SUPPLIED MATERIAL:
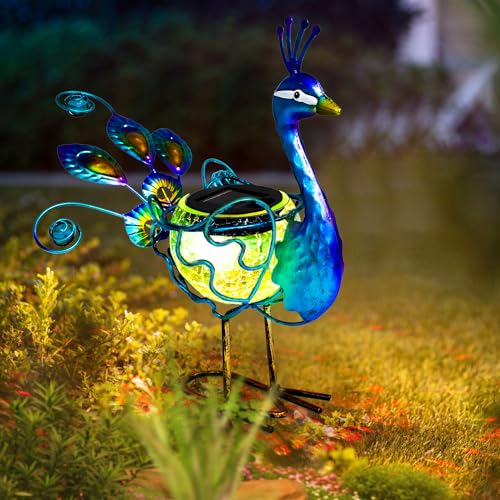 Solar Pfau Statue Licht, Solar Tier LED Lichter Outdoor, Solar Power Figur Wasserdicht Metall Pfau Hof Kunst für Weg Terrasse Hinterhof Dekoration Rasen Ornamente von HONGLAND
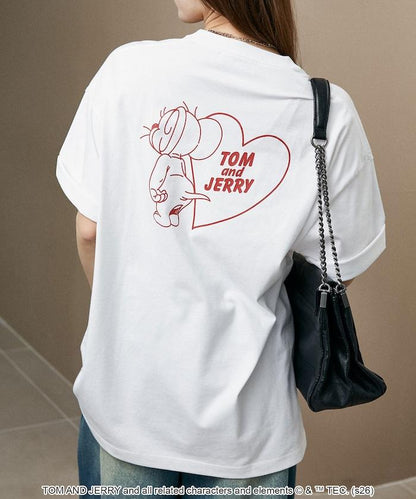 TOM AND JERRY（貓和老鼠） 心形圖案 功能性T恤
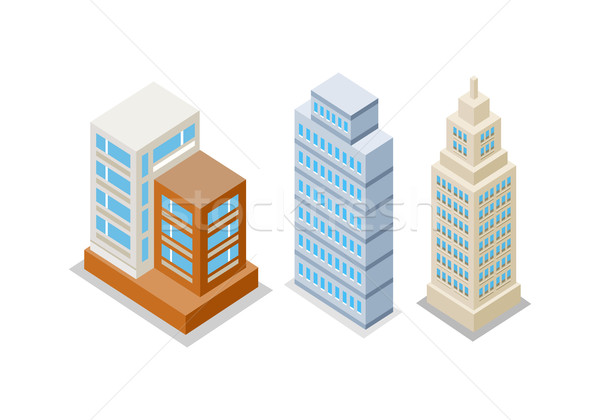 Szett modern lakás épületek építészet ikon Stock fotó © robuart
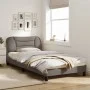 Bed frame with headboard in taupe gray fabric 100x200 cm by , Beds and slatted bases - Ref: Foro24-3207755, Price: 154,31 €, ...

BRIEF: None of the pictures belong in the copy; transcribe the rest of the data exactly.

OUTPUT OF THE EXERCISE:
 Solar Pfau Statue Licht, Solar Tier LED Lichter Outdoor, Solar Power Figur Wasserdicht Metall Pfau Hof Kunst für Weg Terrasse Hinterhof Dekoration Rasen Ornamente von HONGLAND
 TOM AND JERRY（貓和老鼠） 心形圖案 功能性T恤
 Szett modern lakás épületek építészet ikon Stock fotó © robuart
 Bed frame with headboard in taupe gray fabric 100x200 cm by , Beds and slatted bases - Ref: Foro24-3207755, Price: 154,31 €, ...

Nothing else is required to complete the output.